[Your task] Copy every line of the data exactly, keeping out any picture.

(Material shown begins)

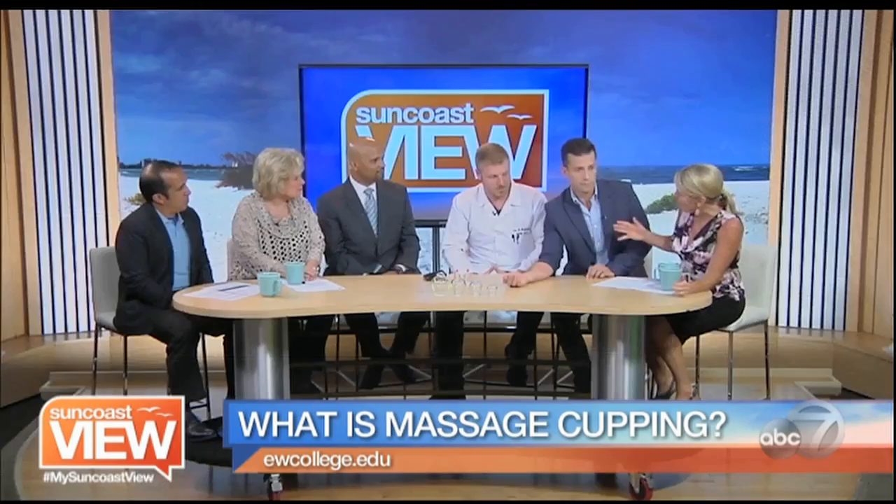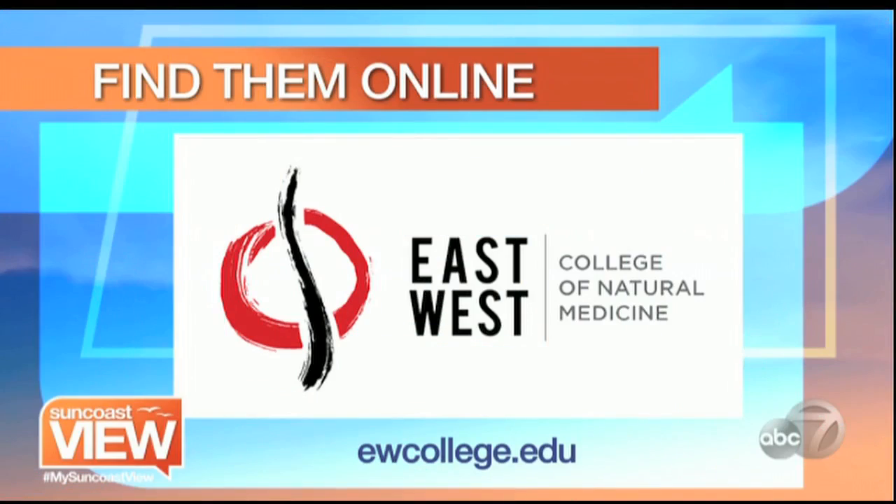Brandon, tell us at East West — you're not only performing this so people can come and get the treatment, but you're also training students. That's correct. We're training students to learn this practice along with many other methodologies to become acupuncture physicians where they can actually do cupping on their patients. It's very easy to enroll — all you have to do is contact us, go on our website, come in for a tour, see our student clinic and herbal pharmacy, and you'll be able to actually be cupped. For more information about these treatments and natural medicine, visit ewcollege.edu.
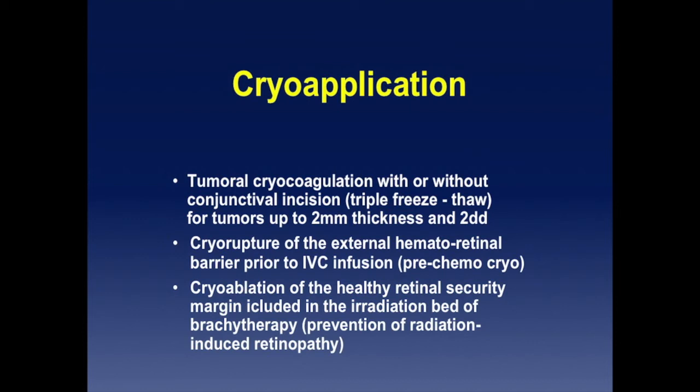Cryo can also be used to prepare the irradiation bed for brachytherapy. You always need a 2mm margin of healthy retina around the tumor, and the irradiation dose to this retina may result in radiation-induced retinopathy, exudation, and complications. So it's easy to prepare: if it's peripheral, use cryo; if more central, you can use laser.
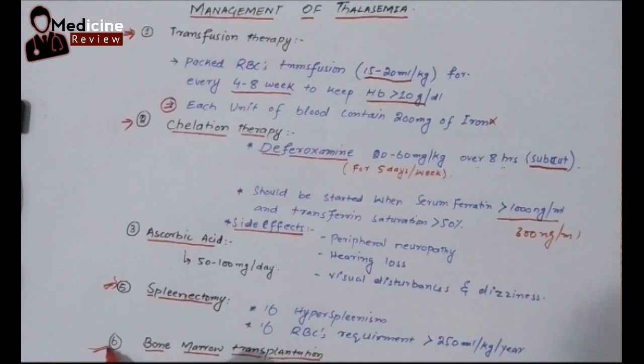Bone marrow transplantation is the treatment of choice and is getting very popular nowadays. It can seriously cure the baby from all these symptoms. We have to find an HLA match for the thalassemic baby with a sibling or another person. If the HLA genes are matching, we can give the bone marrow to the thalassemic baby, which will grow and start erythropoiesis, really helping the baby.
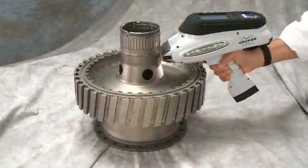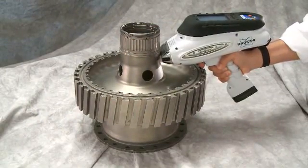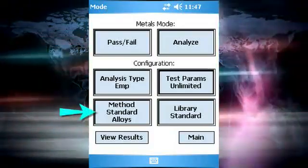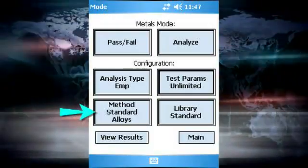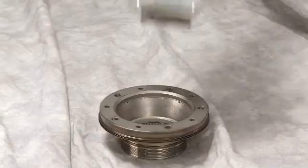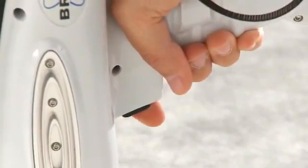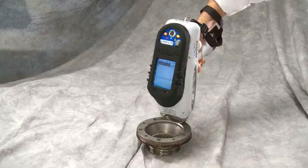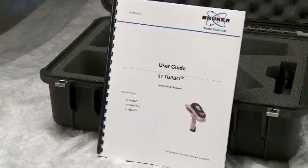The most basic type of measurement on the S1 series analyzer is a single condition empirical calibration measurement. The empirical standard alloys calibration is the most common example of this type of measurement. In this case, the measurement will begin when the trigger is pulled and run as long as the trigger is activated. The S1 software also supports timed assay, in which the trigger does not need to be continuously activated. See the user's guide for details on this capability.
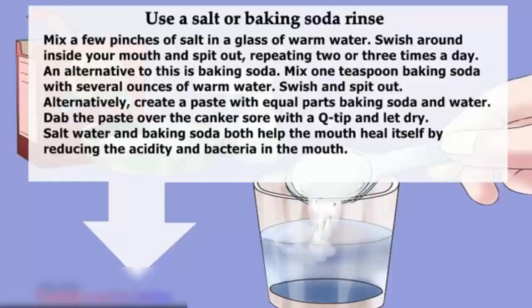Dissolve several ounces of warm water, swish and spit out. Alternatively, create a paste with equal parts baking soda and water, dab the paste over the canker sore with a Q-tip and let dry. Salt water and baking soda both help the mouth heal itself by reducing the acidity and bacteria in the mouth.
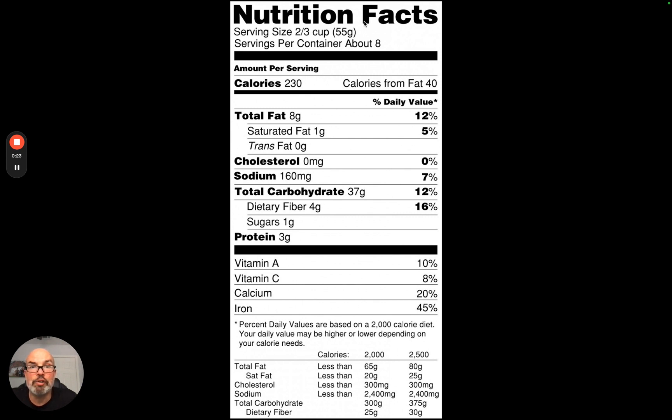On the food label you're going to have Nutrition Facts at the top. Underneath that you'll have serving size and then servings per container. In this one, two-thirds cup is the serving size and 55 grams is also one serving. Everything listed — calories, fat, carbohydrates, protein — corresponds to one serving size. In this particular item there are eight servings per container, so that's eight two-thirds cups or eight 55-gram portions.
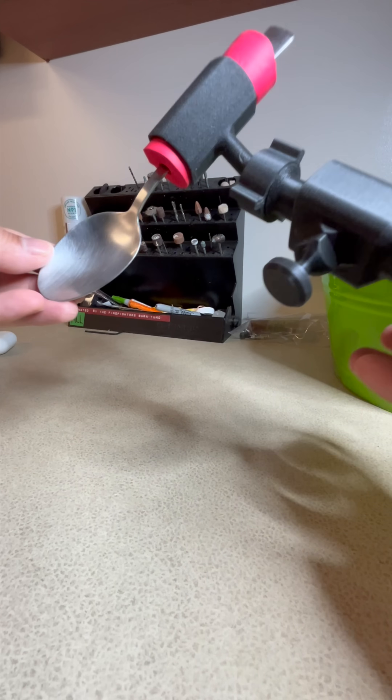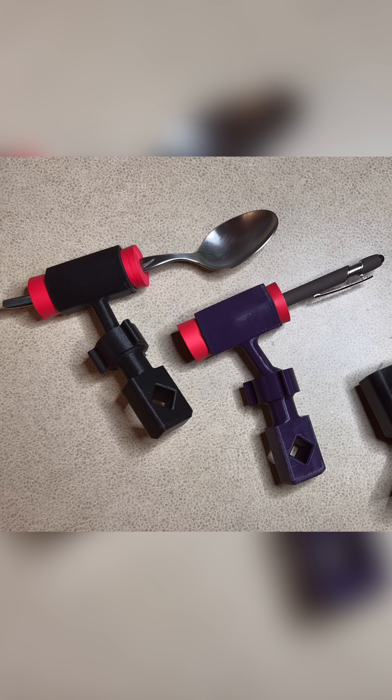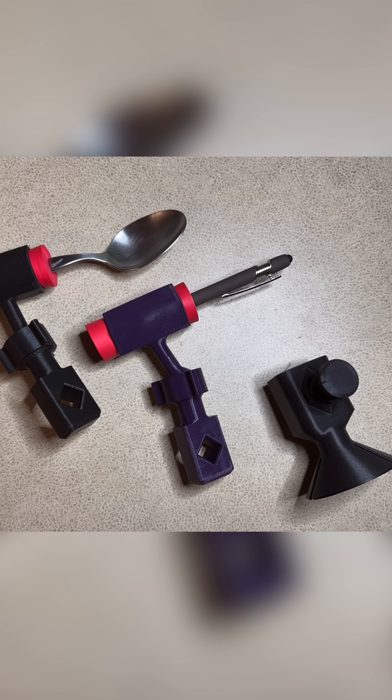This tool is for patients with new hand amputations, for light duty tasks while they're healing or waiting for a prosthetic.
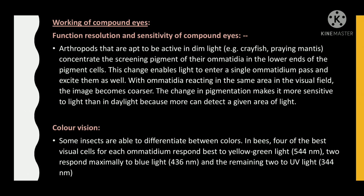Color vision: some insects are able to differentiate between colors. In bees, four of the visual cells for each ommatidium respond best to yellow-green light, two respond maximally to blue light, and the remaining two respond to UV light.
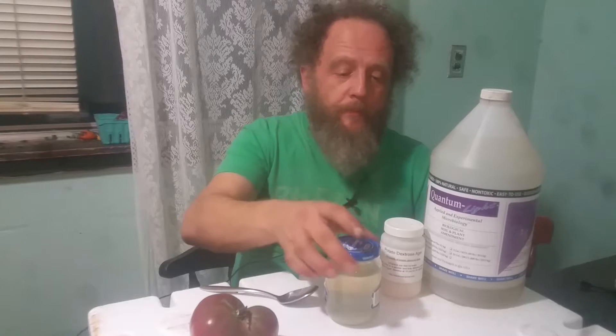If this works, it works. If it doesn't, then it doesn't. But if it does, then I'm going to have lots of extra purple bacteria. And if it doesn't, then I'll just throw it on the garden anyway.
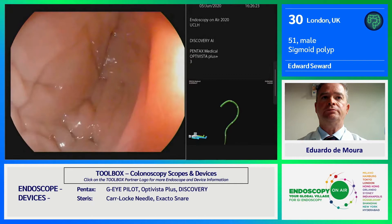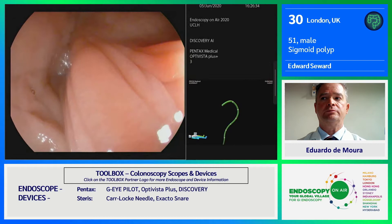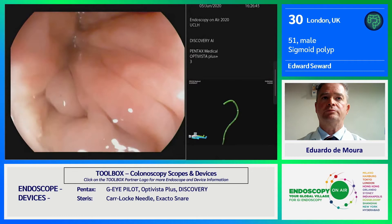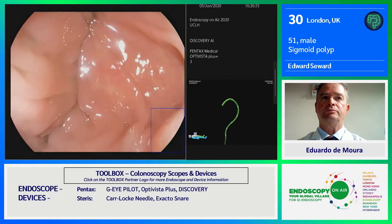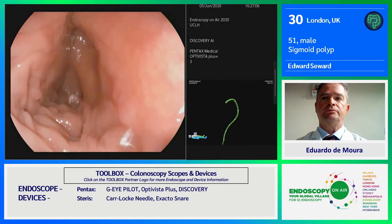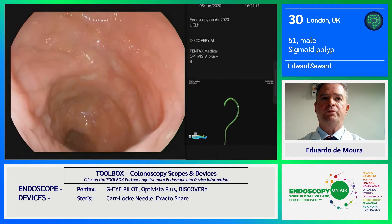We've got the Optivist processor, which is giving us these beautiful images, which we know are really important for adenoma detection and characterization. Most excitingly, we're using the Discovery AI tool. You've seen a lot of AI demonstrated in the colon already today, so this is the Pentax version — a very impressive piece of equipment. Approximately 288 patients with about 800 polyps producing around 100,000 images were fed into the AI to train it. The majority of the polyps were small sessile lesions, so we're hopeful it's able to detect those polyps that often defy detection, even by an experienced endoscopist.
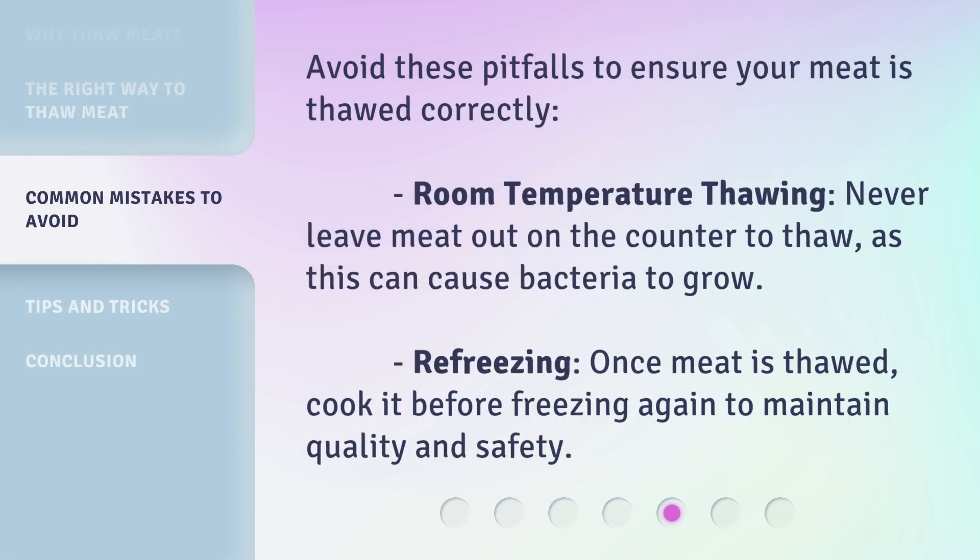Avoid these pitfalls to ensure your meat is thawed correctly. Room Temperature Thawing: never leave meat out on the counter to thaw, as this can cause bacteria to grow. Refreezing: once meat is thawed, cook it before freezing again to maintain quality and safety.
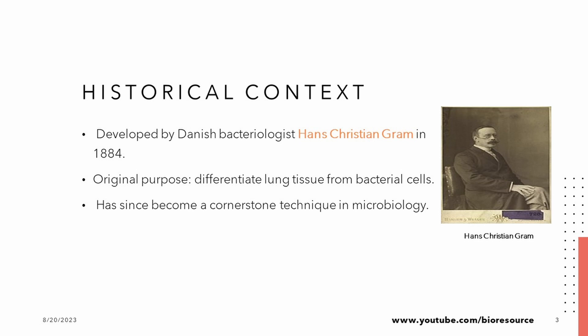In 1884, a Danish bacteriologist named Hans Christian Gram was on a mission to differentiate lung tissue from bacterial cells. Little did he know that the discovery would revolutionize microbiology. Fast forward to today, and Gram staining is a fundamental technique that microbiologists and researchers rely on.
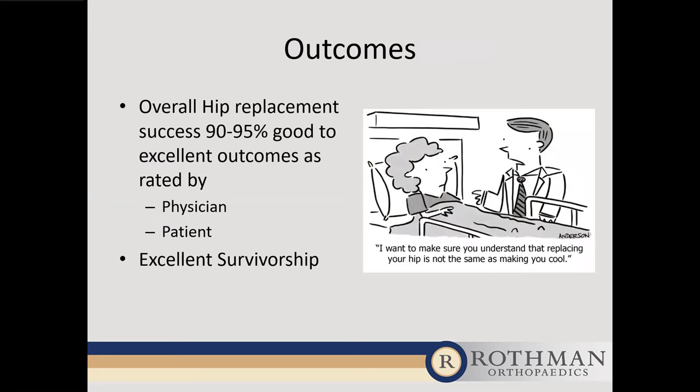Hip replacement surgery has excellent success rates — 90 to 95% good to excellent outcomes, rated by both physicians and patients. There is almost nothing else in medicine that comes close to that mark. Survivorship is also excellent. The average age in the United States is around 64, but we perform them in people in their 20s and even teens with post-traumatic or early-onset arthritis, with excellent survivorship seen so far. It's a very positive operation and there is a lot to look forward to as we move into this new generation of hip replacements and technologies.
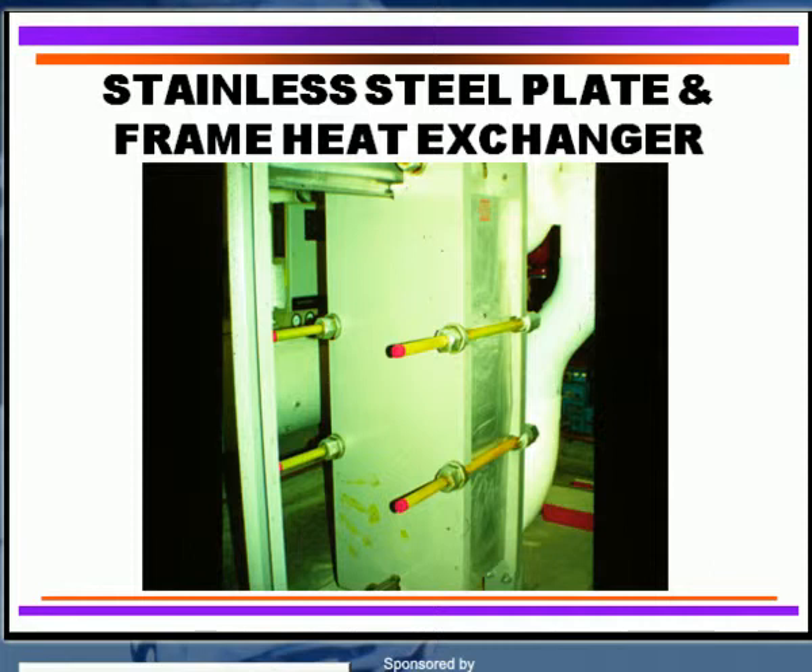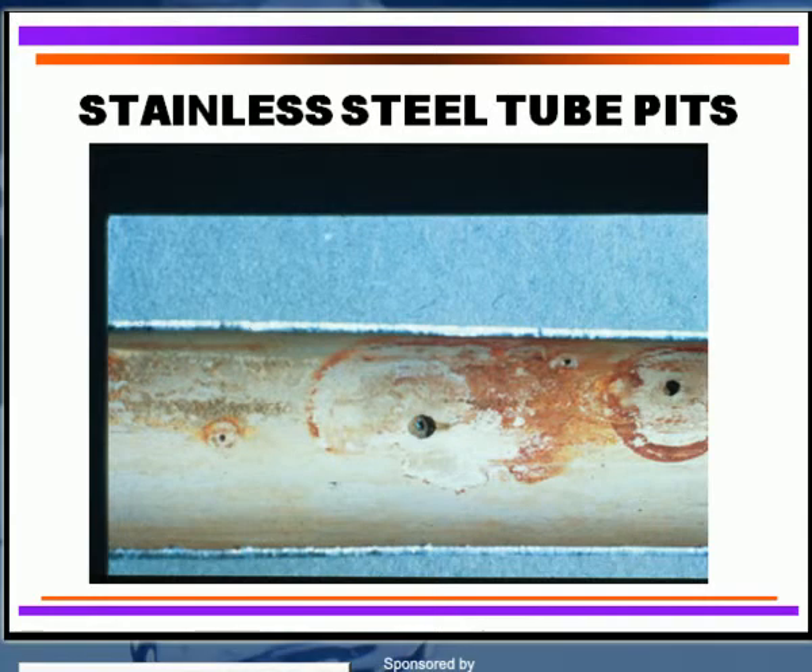Here's an example of a pitting attack on stainless steel tubing. This particular attack has occurred in a matter of 72 hours or a little bit longer, and that particular attack was due to sulfide-reducing bacteria. So keep in mind that sulfide-reducing bacteria and high chloride can cause serious pitting attack on stainless steel.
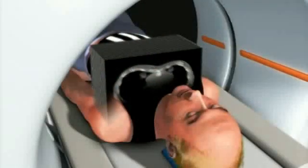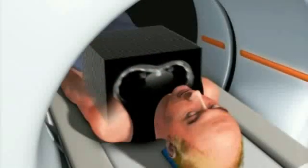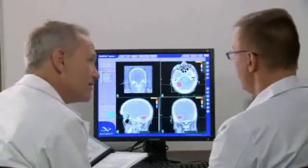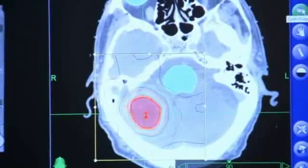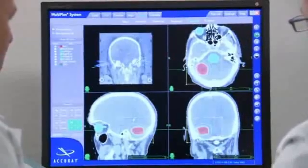While wearing the face mask, you will undergo a CT scan. This CT data will be used by the CyberKnife team to determine the exact size, shape, and location of your tumor. An MRI, PET scan, or angiogram also may be necessary to fully visualize the tumor and nearby anatomy.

(Material shown ends)

[Written solution]
Brandon, tell us at East West — you're not only performing this so people can come and get the treatment, but you're also training students. That's correct. We're training students to learn this practice along with many other methodologies to become acupuncture physicians where they can actually do cupping on their patients. It's very easy to enroll — all you have to do is contact us, go on our website, come in for a tour, see our student clinic and herbal pharmacy, and you'll be able to actually be cupped. For more information about these treatments and natural medicine, visit ewcollege.edu.
Cryo can also be used to prepare the irradiation bed for brachytherapy. You always need a 2mm margin of healthy retina around the tumor, and the irradiation dose to this retina may result in radiation-induced retinopathy, exudation, and complications. So it's easy to prepare: if it's peripheral, use cryo; if more central, you can use laser.
Bone marrow transplantation is the treatment of choice and is getting very popular nowadays. It can seriously cure the baby from all these symptoms. We have to find an HLA match for the thalassemic baby with a sibling or another person. If the HLA genes are matching, we can give the bone marrow to the thalassemic baby, which will grow and start erythropoiesis, really helping the baby.
The most basic type of measurement on the S1 series analyzer is a single condition empirical calibration measurement. The empirical standard alloys calibration is the most common example of this type of measurement. In this case, the measurement will begin when the trigger is pulled and run as long as the trigger is activated. The S1 software also supports timed assay, in which the trigger does not need to be continuously activated. See the user's guide for details on this capability.
Dissolve several ounces of warm water, swish and spit out. Alternatively, create a paste with equal parts baking soda and water, dab the paste over the canker sore with a Q-tip and let dry. Salt water and baking soda both help the mouth heal itself by reducing the acidity and bacteria in the mouth.
On the food label you're going to have Nutrition Facts at the top. Underneath that you'll have serving size and then servings per container. In this one, two-thirds cup is the serving size and 55 grams is also one serving. Everything listed — calories, fat, carbohydrates, protein — corresponds to one serving size. In this particular item there are eight servings per container, so that's eight two-thirds cups or eight 55-gram portions.
This tool is for patients with new hand amputations, for light duty tasks while they're healing or waiting for a prosthetic.
Color vision: some insects are able to differentiate between colors. In bees, four of the visual cells for each ommatidium respond best to yellow-green light, two respond maximally to blue light, and the remaining two respond to UV light.
If this works, it works. If it doesn't, then it doesn't. But if it does, then I'm going to have lots of extra purple bacteria. And if it doesn't, then I'll just throw it on the garden anyway.
We've got the Optivist processor, which is giving us these beautiful images, which we know are really important for adenoma detection and characterization. Most excitingly, we're using the Discovery AI tool. You've seen a lot of AI demonstrated in the colon already today, so this is the Pentax version — a very impressive piece of equipment. Approximately 288 patients with about 800 polyps producing around 100,000 images were fed into the AI to train it. The majority of the polyps were small sessile lesions, so we're hopeful it's able to detect those polyps that often defy detection, even by an experienced endoscopist.
Avoid these pitfalls to ensure your meat is thawed correctly. Room Temperature Thawing: never leave meat out on the counter to thaw, as this can cause bacteria to grow. Refreezing: once meat is thawed, cook it before freezing again to maintain quality and safety.
In 1884, a Danish bacteriologist named Hans Christian Gram was on a mission to differentiate lung tissue from bacterial cells. Little did he know that the discovery would revolutionize microbiology. Fast forward to today, and Gram staining is a fundamental technique that microbiologists and researchers rely on.
Hip replacement surgery has excellent success rates — 90 to 95% good to excellent outcomes, rated by both physicians and patients. There is almost nothing else in medicine that comes close to that mark. Survivorship is also excellent. The average age in the United States is around 64, but we perform them in people in their 20s and even teens with post-traumatic or early-onset arthritis, with excellent survivorship seen so far. It's a very positive operation and there is a lot to look forward to as we move into this new generation of hip replacements and technologies.
Here's an example of a pitting attack on stainless steel tubing. This particular attack has occurred in a matter of 72 hours or a little bit longer, and that particular attack was due to sulfide-reducing bacteria. So keep in mind that sulfide-reducing bacteria and high chloride can cause serious pitting attack on stainless steel.
While wearing the face mask, you will undergo a CT scan. This CT data will be used by the CyberKnife team to determine the exact size, shape, and location of your tumor. An MRI, PET scan, or angiogram also may be necessary to fully visualize the tumor and nearby anatomy.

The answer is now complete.